An Image is worth a thousand words
Lets say you are roaming in the countryside and just discovered a gorgeous lady walking down the street wearing an outstanding outfit which makes her even looking more beautiful. Now according to you there can nothing be more perfect and more important than that particular outfit which you would definitely like to purchase for your love on her next special occasion. But from where on earth you will search for a similar outfit ? Would you run after the lady and ask her the details of the dress she has worn ? No way. Then what should be your next immediate step ? Wait. You can simply do one thing. Take a picture of the lady may be with your mobile phone or a camera whatever you prefer to before she disappears. If your picture is clear enough with less background noise I think you are apparently done. Lets discuss how.
One of the most overlooked aspects of human cognition is vision. When we try to dwelve into the scope of the problem from a computational perspective we realize just how powerful the human brain actually is, going from the real world to a series of neuron activations inorder to recognize and response in the blink of an eye. Now-a-days a large portion of sales in the ecommerce domain is indeed driven by fashion and lifestyle, which constitutes apparel, footwear, bags, accessories and many more. A differentiating characteristic of the fashion category is that a consumer’s buying decision is primarily influenced by the product’s visual appearance. So in today’s image-driven world its getting more and more difficult to find specific products using a text query. So here comes the concept of Visual Search.
Visual Search allows us to search using an image, against an inventory of hundreds, if not thousands of images and finding an exact match or similar images without the need for textual data such as keywords or metadata in the blink of an eye. It literally stops the keyword guessing game inorder to find image of a particular product. Visual search is altogether different from image search (which returns images for a text-based query) or reverse image search (which often relies on metadata to match results). Visual search derives its result from the supplied image itself.

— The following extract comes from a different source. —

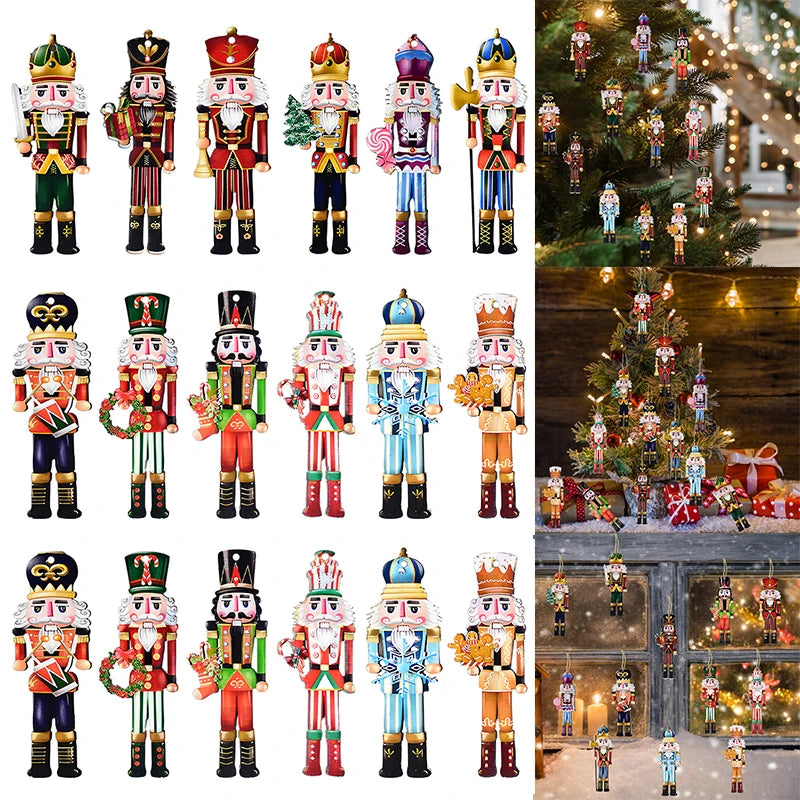 12pcs Nutcracker Soldier Ornaments for Festive Decor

Now lets discuss some of the technical aspects of Visual Search. The core task here is quantitative estimation of visual similarity between a pair of images. The visual similarity of a pair of images can be quantitatively estimated through learnt models on top of traditional image processing techniques such as SIFT ( Scale-Invariant Feature Transform ) and HOG ( Histogram of Oriented Gradients ). However these models are limited by the expressive power of these features. In this case deep convolutional neural networks stand out to be a better choice. First of all a deep CNN maps a high-dimensional image on to a low dimensional latent space and then makes an attempt to find its neighbors within the latent space.
The CNN has two outputs, an embedding vector for the latent space and product-type classification probabilities for known product categories. The classifier uses the embedding vector as input which shares computations between both tasks. Training data consist of positive image pairs, negative image pairs, and class labels. Positive pairs are different images of the same product and negative pairs are randomly sampled pairs. Batches of image pairs are iterated through the network to optimize weights for two tasks. Positive pairs are pushed closer together than negative pairs and classification accuracy is improved.
Image search is handled via a k-nearest neighbor search in the latent space. Multiple images of each product are embedded with the network and stored in multiple binary tree structures for fast k-nearest neighbor search. A query image is pushed through the network to get embedding and classification scores. Highly probabilistic class predictions restrict the search space and a subset of binary trees are searched for nearest neighbors of the embedding. The final search result is a merged list of product images from the binary tree searches.
With image data being readily available, and an ever-increasing number of mobile devices being given cameras and connections to the internet, immense research is going on in the field of Visual Search, based loosely around the adage that An image is worth a thousand words.